***

Иногда я не могу вспомнить собственное имя. В первые минуты после пробуждения, кажущиеся самыми зыбкими, когда реальность ещё не вторглась в сознание и лишь мреет где-то, как далёкий мираж в пустыне, память упрямо свивается — Уроборос, обреченный извечно пожирать собственный хвост. Не то чтобы я верила, будто имя детерминирует путь человека, но знала, что оно — отличительное обозначение, позволяющееся выделиться среди подобных особей. Своего рода верификация подлинности. Имеешь имя, следовательно, существуешь. Имя может быть произнесено и услышано, а, значит, служит индикатором восприятия, пусть не в глобальном смысле, но в границах социума. Я, не раскрывая глаз, несколько мучительных мгновений пытаюсь идентифицировать себя. В хорошие дни ты называешь «деткой», и это безвкусная наигранность. В плохие — молчишь, посылаешь к чёрту или почти умоляюще желаешь сдохнуть. Так, будто просишь об одолжении — ну, пожалуйста, ну чего тебе стоит.


Память выталкивает на поверхность едко-яркие картинки. Воспоминание о том, как ты возвращаешься домой, скидываешь мокрые кроссовки у порога и бросаешь сложенный зонт там же.

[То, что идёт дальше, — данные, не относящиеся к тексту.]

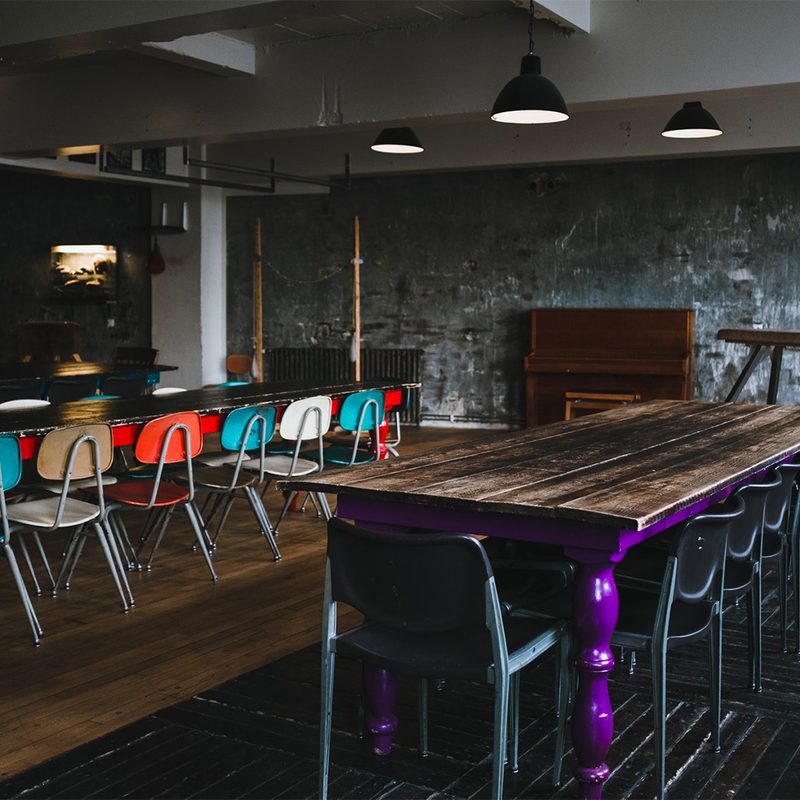iceland kex hostel opening portland hall room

Под ним собирается прозрачная лужица дождевой воды. Но это неважно, я рада тебя видеть, и этот восторг вытесняет иное за границы восприятия. Дальнейшее — тщательно выстроенная сцена, эпизод из проходной мелодрамы. Увы, наше взаимодействие — не арт-хаус и даже не задорная порнография, всего лишь фильм категории В. Я обхватываю твои щеки ладонями — мокрые кончики волос щекочут мне пальцы — и целую тебя нежно, долго. Ты пахнешь городом, маковыми булочками, озоновой свежестью ливня и ягодной жевательной резинкой. Память удерживает слишком многое, сплетение сенсорных модальностей: в мельчайших подробностях — тактильные (твоя кожа на ощупь — фоамиран), слуховые (сбившееся дыхание), двигательные. Это не благословение эйдетизма, сохраняющего насыщенность образов, но фальшь конфабуляций. Все воспоминания о тебе красочные, однако типовые, урезанные, будто лишённые жизни. Как чистая синтетика. Как штамм зловредного микроорганизма, выращенный на питательной среде твоих увечных представлений о нормальности, о том, какими должны быть счастливые отношения. Мне даже интересно, сколько в моих убеждениях — меня: я — кукла-подменыш, но набитая не соломой да жухлой листвой, а твоими скверными мыслями. И мне известно, суррогатом кого я выступаю.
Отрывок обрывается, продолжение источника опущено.